_Working data_:
----------

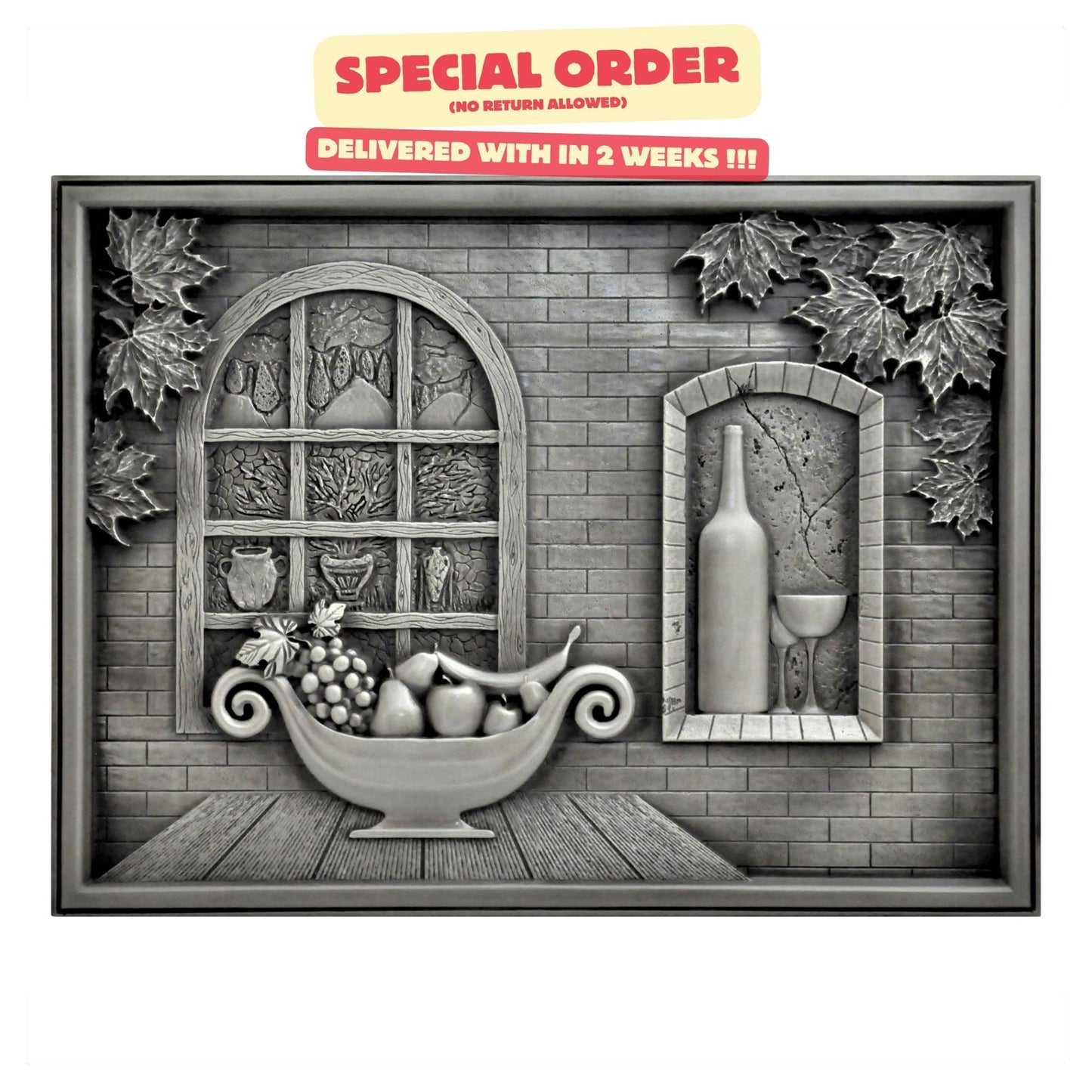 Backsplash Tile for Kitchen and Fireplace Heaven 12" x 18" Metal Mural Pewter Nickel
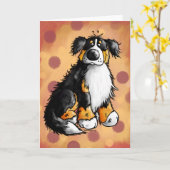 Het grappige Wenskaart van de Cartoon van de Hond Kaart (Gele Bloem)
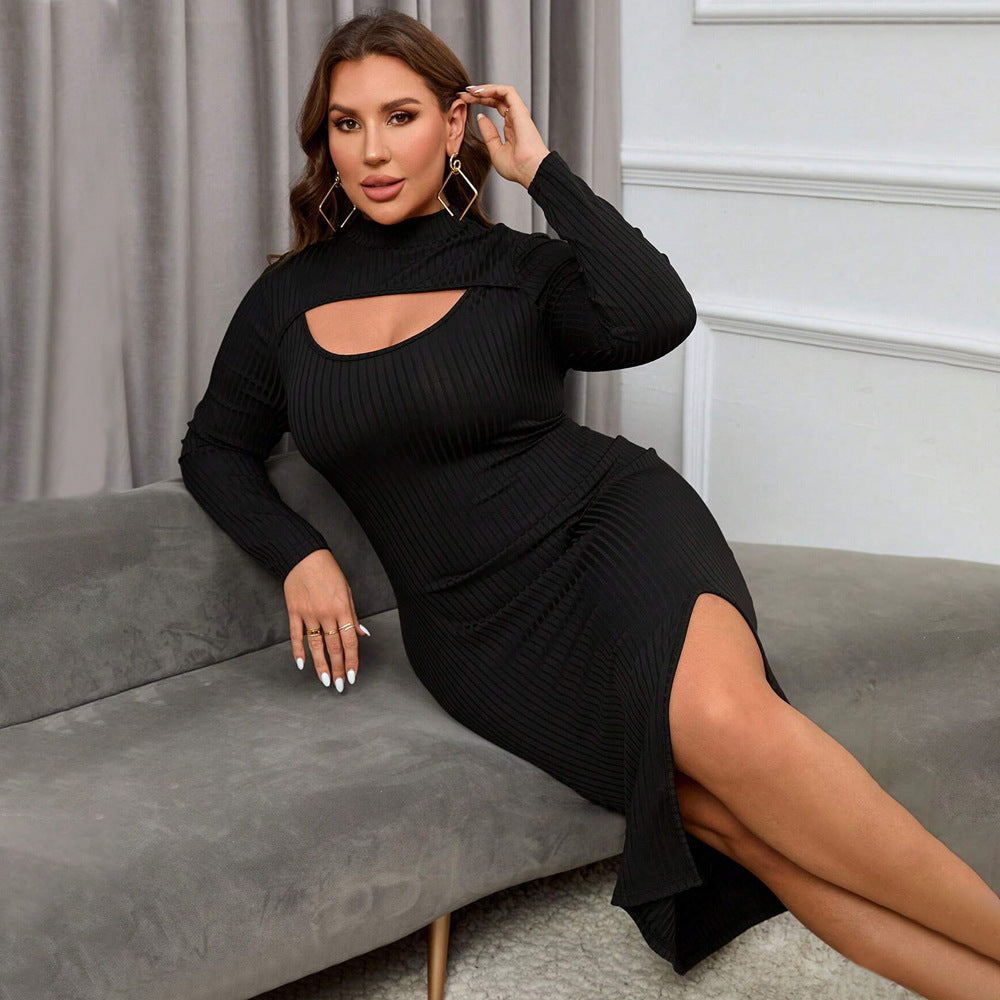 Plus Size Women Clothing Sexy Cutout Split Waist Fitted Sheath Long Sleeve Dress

----------

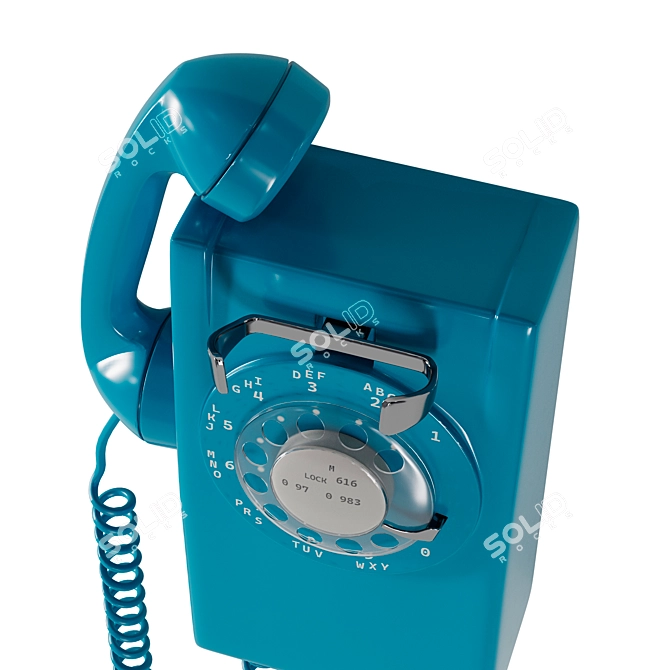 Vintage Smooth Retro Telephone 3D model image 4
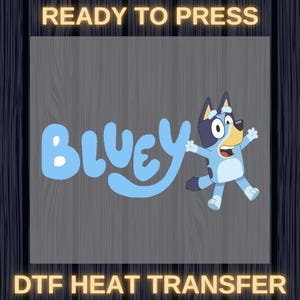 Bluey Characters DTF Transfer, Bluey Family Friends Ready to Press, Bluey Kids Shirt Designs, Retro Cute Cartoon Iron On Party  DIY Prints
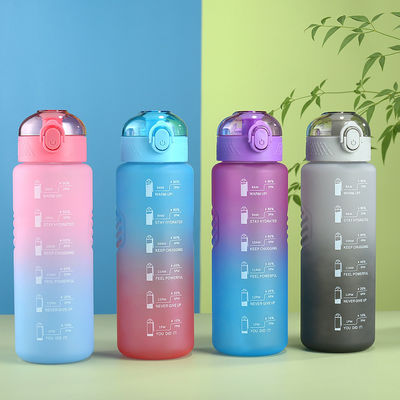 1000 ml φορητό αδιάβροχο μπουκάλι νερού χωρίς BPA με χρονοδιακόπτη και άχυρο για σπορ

----------

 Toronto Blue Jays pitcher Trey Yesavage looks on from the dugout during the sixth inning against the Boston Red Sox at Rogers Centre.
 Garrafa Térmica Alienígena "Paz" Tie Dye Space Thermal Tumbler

----------

Output exactly the lines above that lie between the line with "Bluey Characters DTF" and the line with "1000 ml φορητό", those two lines included, and no pictures.

_Exercise answer_:
 Bluey Characters DTF Transfer, Bluey Family Friends Ready to Press, Bluey Kids Shirt Designs, Retro Cute Cartoon Iron On Party  DIY Prints
 1000 ml φορητό αδιάβροχο μπουκάλι νερού χωρίς BPA με χρονοδιακόπτη και άχυρο για σπορ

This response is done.